**Work to be completed:** Once the line holding "147 Gildner Road" is found, output it and all remaining lines of the data exactly, with every picture left out.

**Dataset section:**
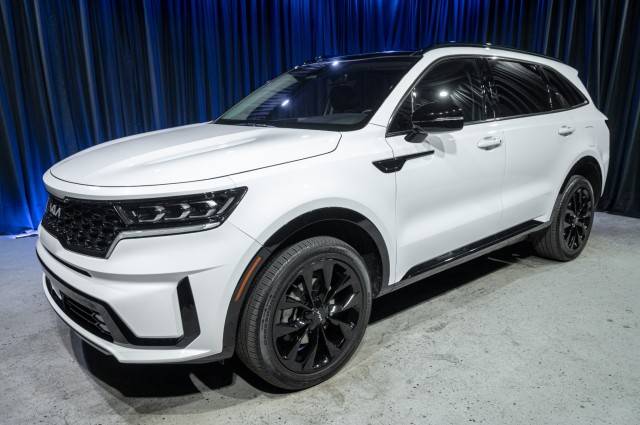 2023 Kia Sorento SX — SUV — 12,181 mi — Peoria, AZ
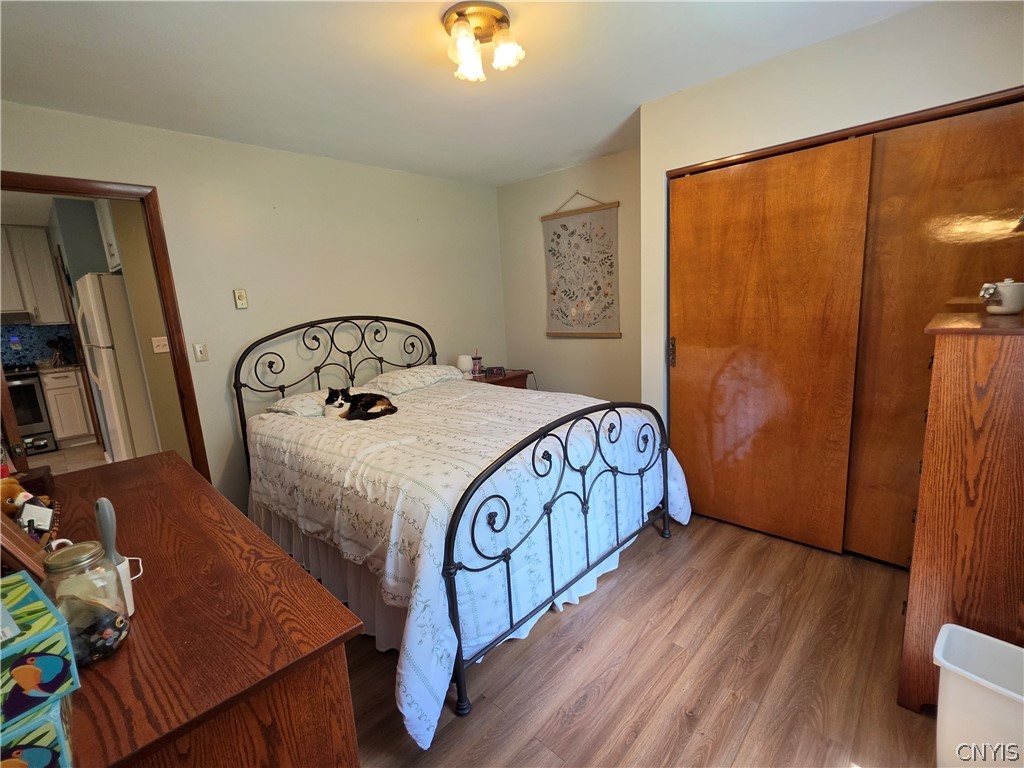 147 Gildner Road Central Square, NY 13036 - Photo 17 of 48 Primary bedroom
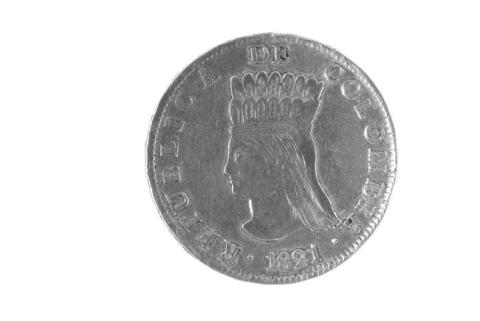 Primera imagen del registro 8 REALES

**Solution for this problem:**
 147 Gildner Road Central Square, NY 13036 - Photo 17 of 48 Primary bedroom
 Primera imagen del registro 8 REALES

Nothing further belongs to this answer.